Short descriptive text snippets
──────────

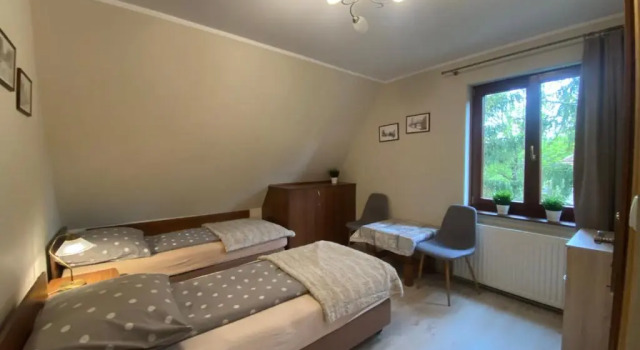 Апартаменты Apartamenty Złota Palma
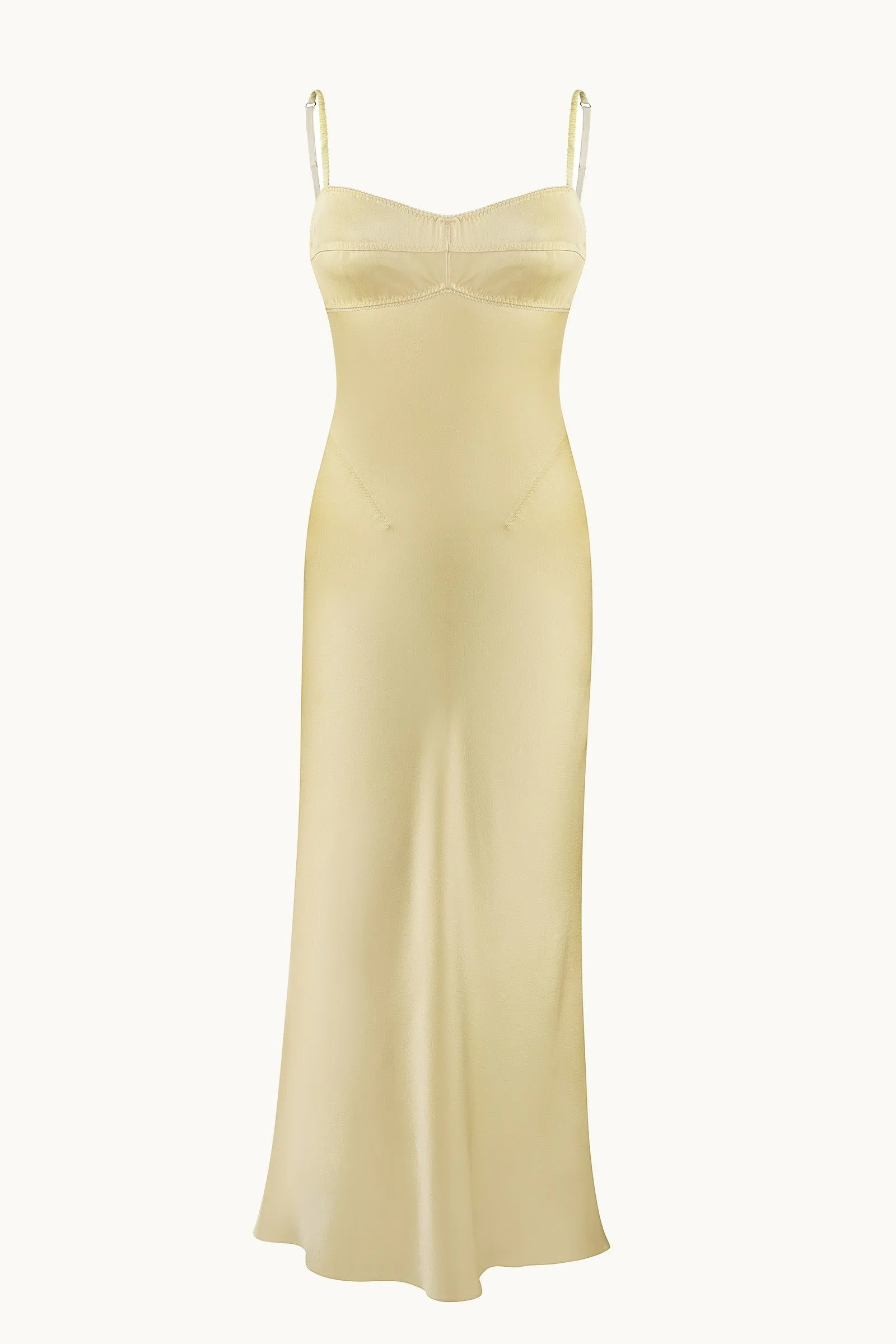 Waterlily dress sold by Anna October product image thumbnail 4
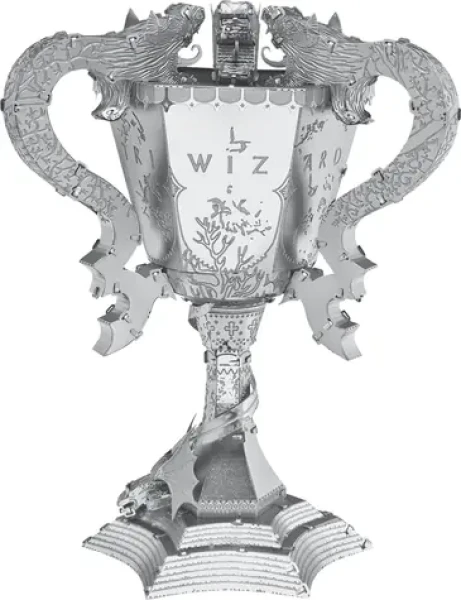 Metal Earth 3D puzzle Harry Potter: Pohár tří kouzelníků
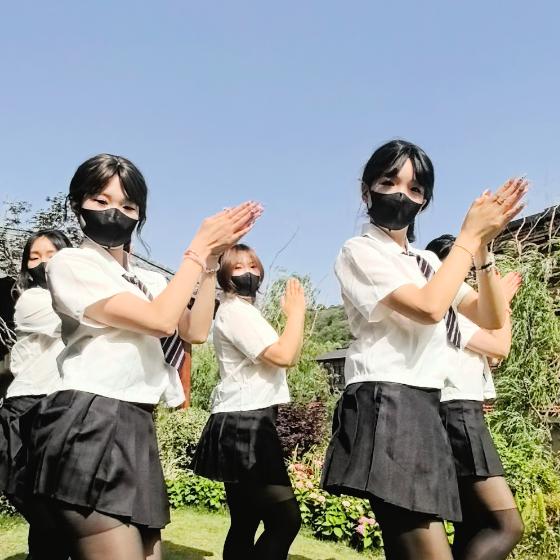 灵鹿少女-摄影师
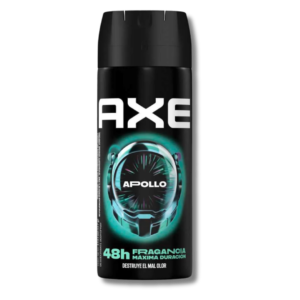 Desodorante Axe Apollo 150Ml.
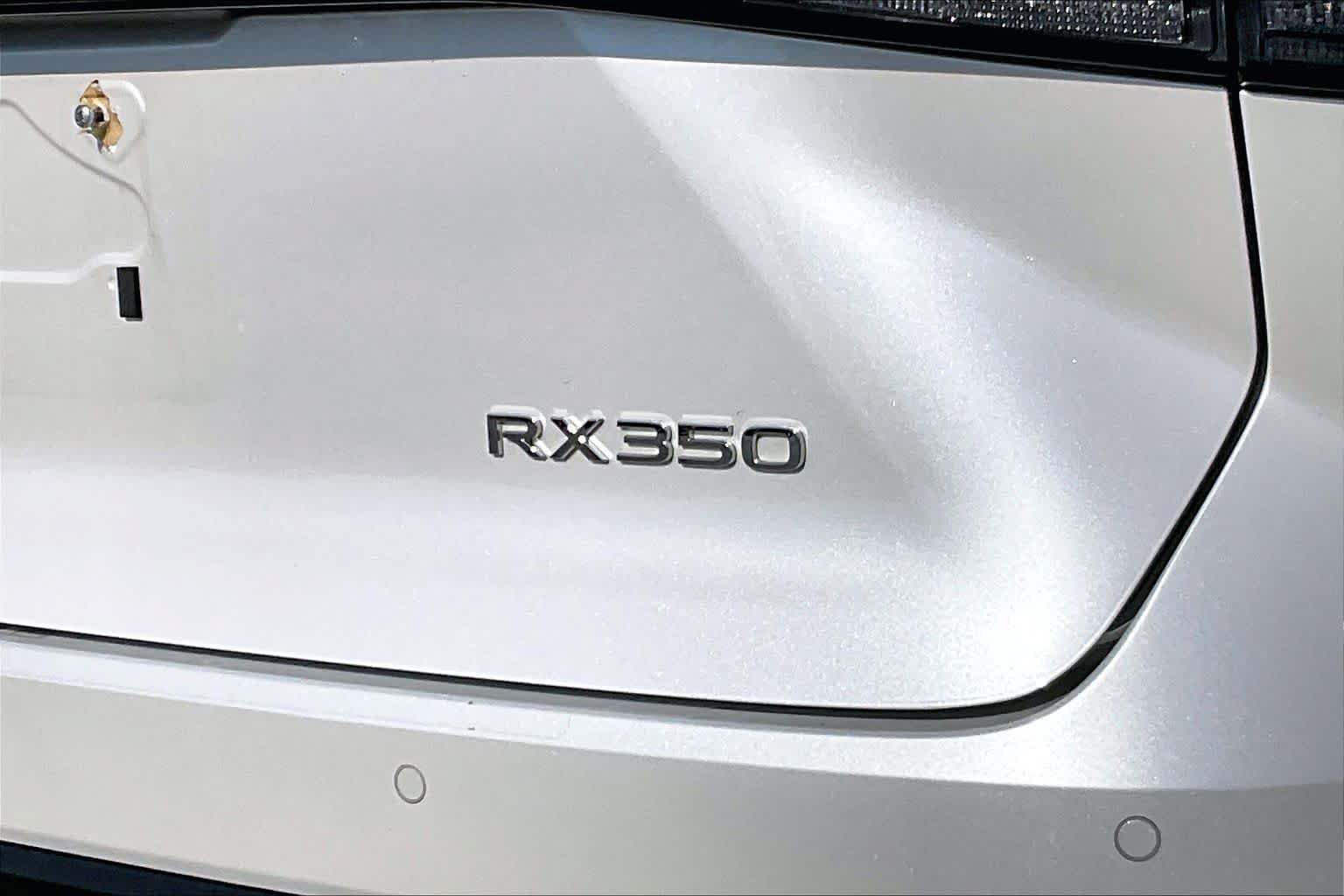 Used 2023 Lexus RX 350 FWD w/ Cold Area Package image 28
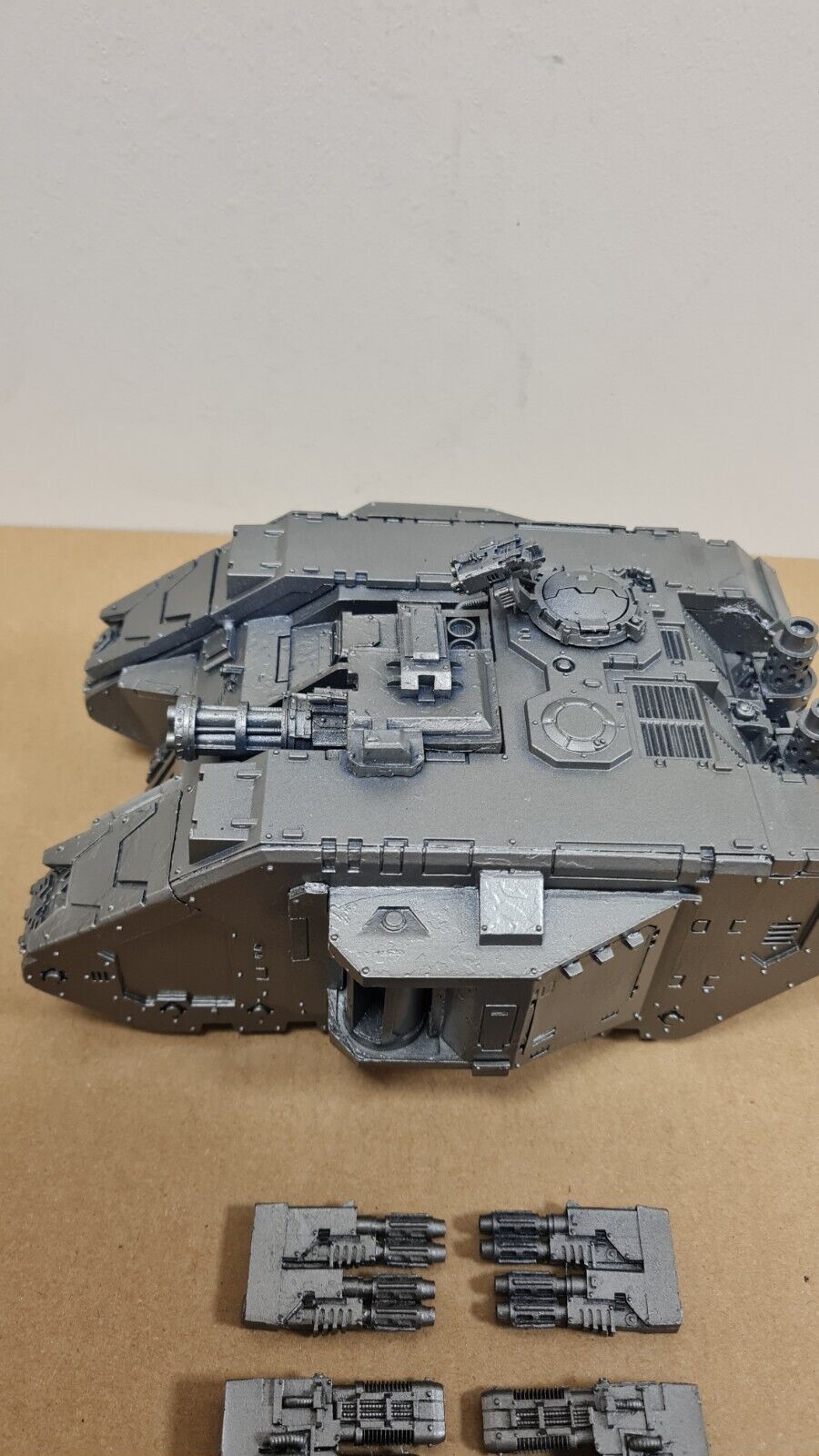 Warhammer Forgeworld Land Raider Achilles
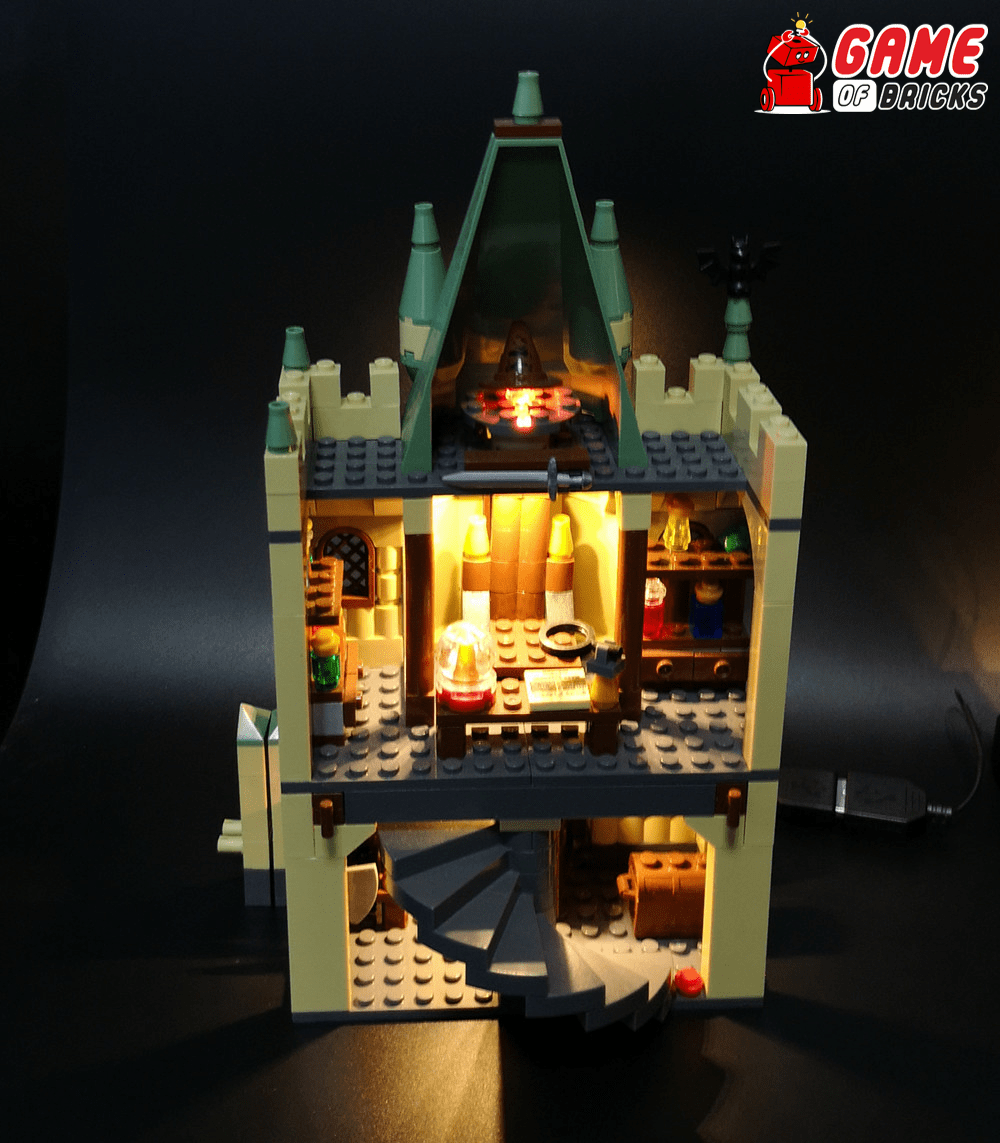 Lego harry top potter 4842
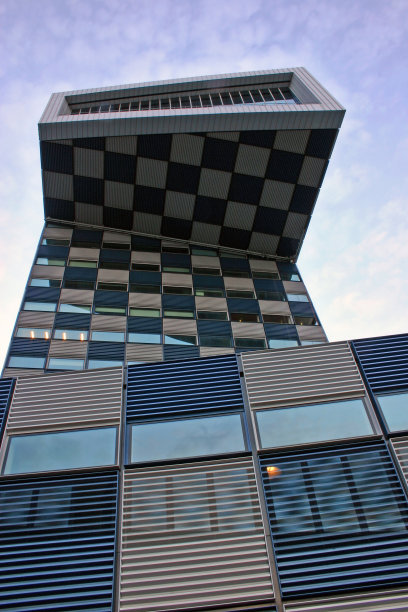 现代办公大楼图片下载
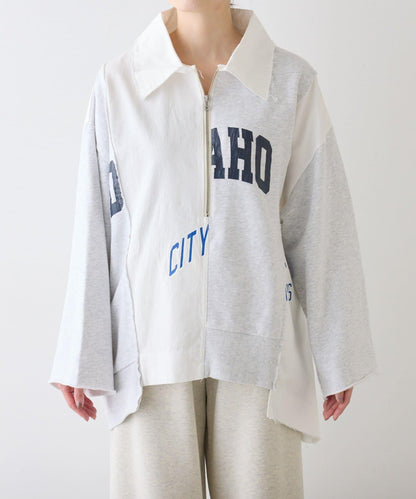 etsinta改良款半拉鍊衛衣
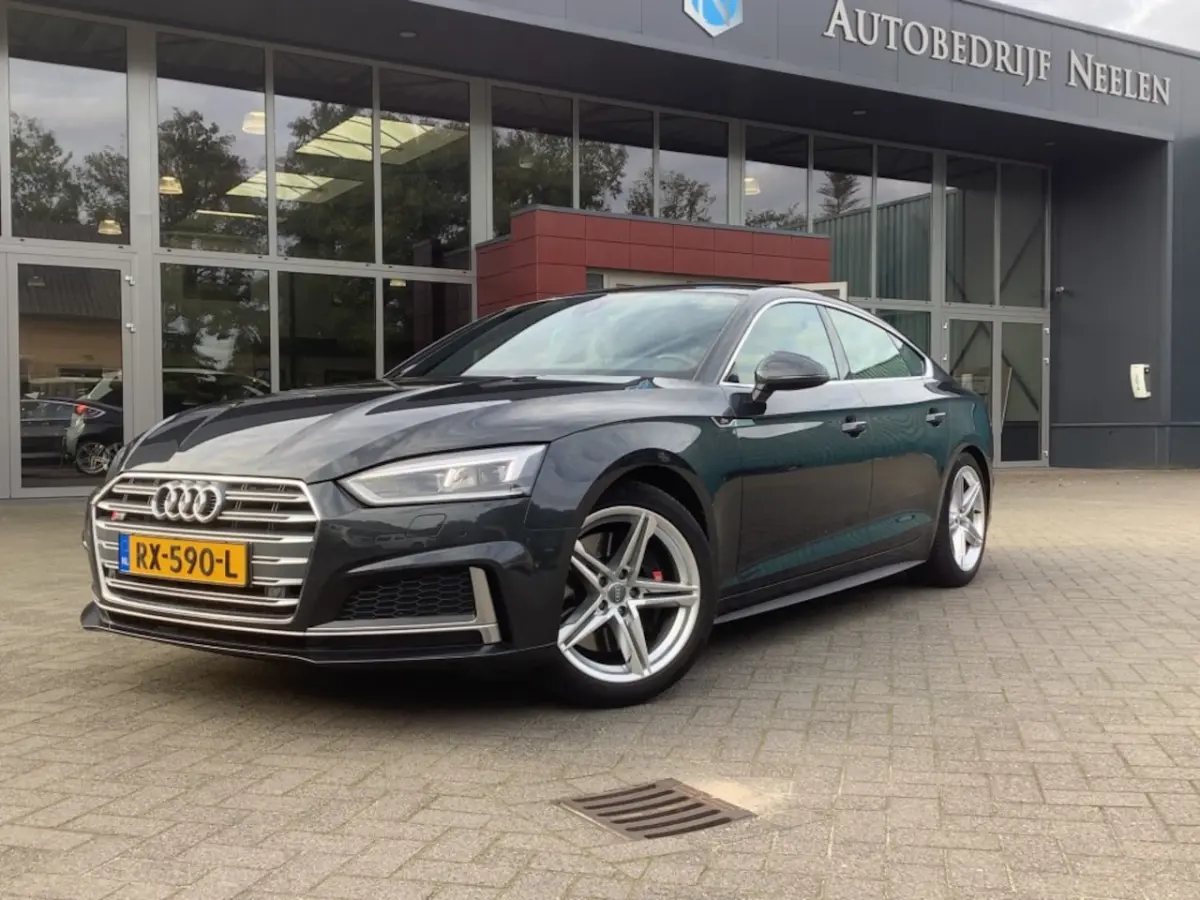3.0 TFSI Quattro ProLine Plus / 1e eigenaar / dealer onderhouden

──────────

- YOUR OBJECTIVE:
Each line above should be returned exactly as it stands, minus any pictures.

- RESPONSE FOR THIS EXERCISE:
 Апартаменты Apartamenty Złota Palma
 Waterlily dress sold by Anna October product image thumbnail 4
 Metal Earth 3D puzzle Harry Potter: Pohár tří kouzelníků
 灵鹿少女-摄影师
 Desodorante Axe Apollo 150Ml.
 Used 2023 Lexus RX 350 FWD w/ Cold Area Package image 28
 Warhammer Forgeworld Land Raider Achilles
 Lego harry top potter 4842
 现代办公大楼图片下载
 etsinta改良款半拉鍊衛衣
3.0 TFSI Quattro ProLine Plus / 1e eigenaar / dealer onderhouden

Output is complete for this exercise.